--- Task requirements ---
In the copy, every line of the material that follows must appear exactly, and no pictures should.

--- Information provided ---
━━━━
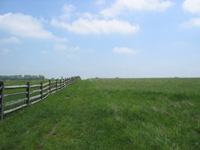 Walking Pickett's Charge at Gettysburg - the way out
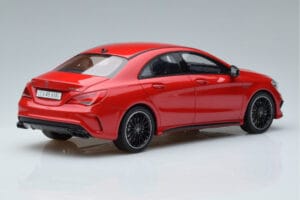 Mercedes CLA 45 AMG C117 Jupiter Červený GT Spirit 1:18 GT031 Pryskyřice – obrázek 2 z 6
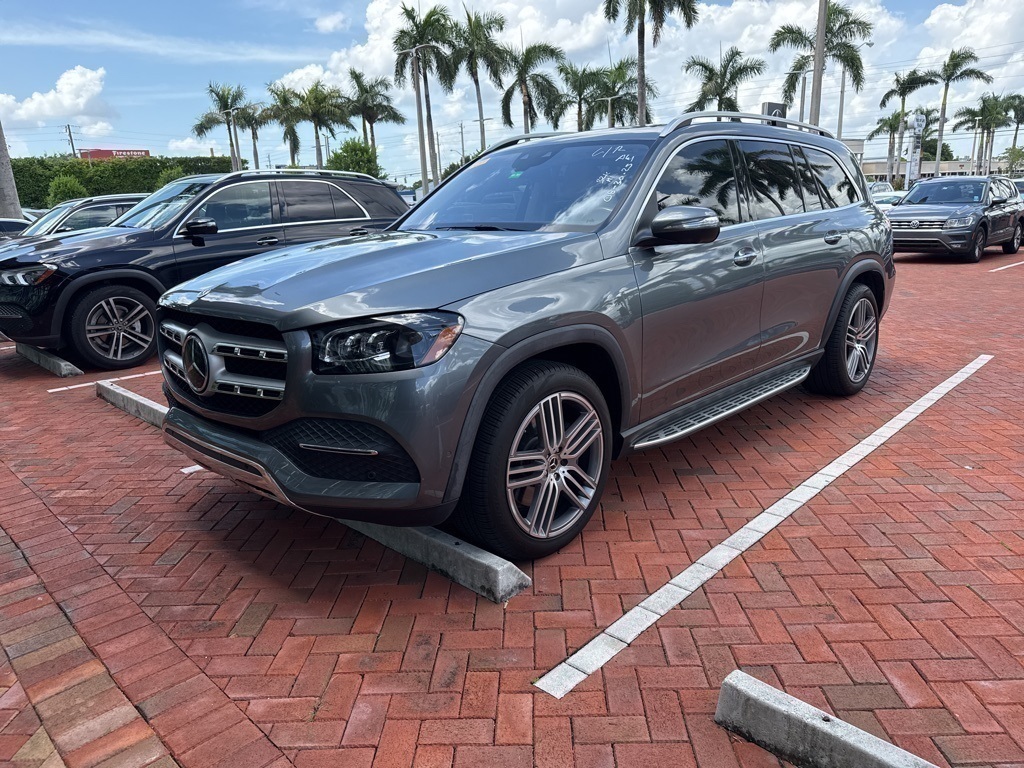 2021 Mercedes Benz GLS 450 4MATIC photo 2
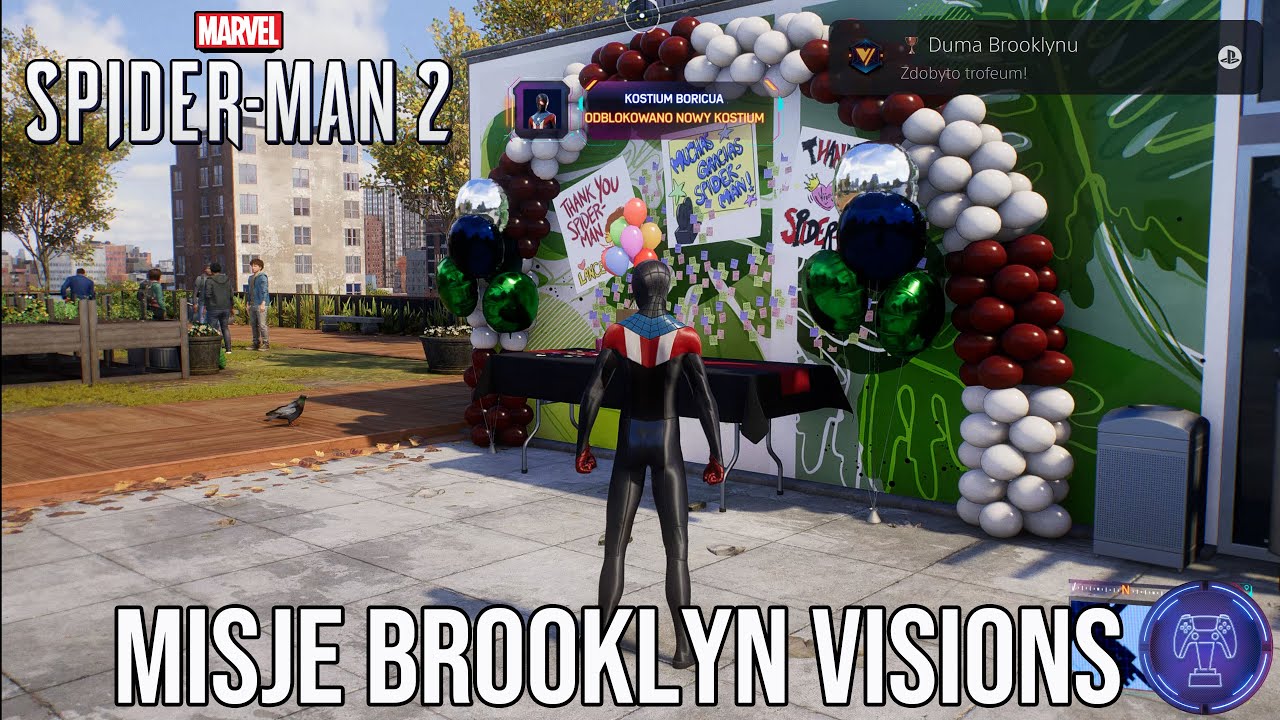 Marvel's Spider Man 2 - Brooklyn Visions - misje poboczne - Trofeum Duma Brooklynu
━━━━
--- Response ---
 Walking Pickett's Charge at Gettysburg - the way out
 Mercedes CLA 45 AMG C117 Jupiter Červený GT Spirit 1:18 GT031 Pryskyřice – obrázek 2 z 6
 2021 Mercedes Benz GLS 450 4MATIC photo 2
 Marvel's Spider Man 2 - Brooklyn Visions - misje poboczne - Trofeum Duma Brooklynu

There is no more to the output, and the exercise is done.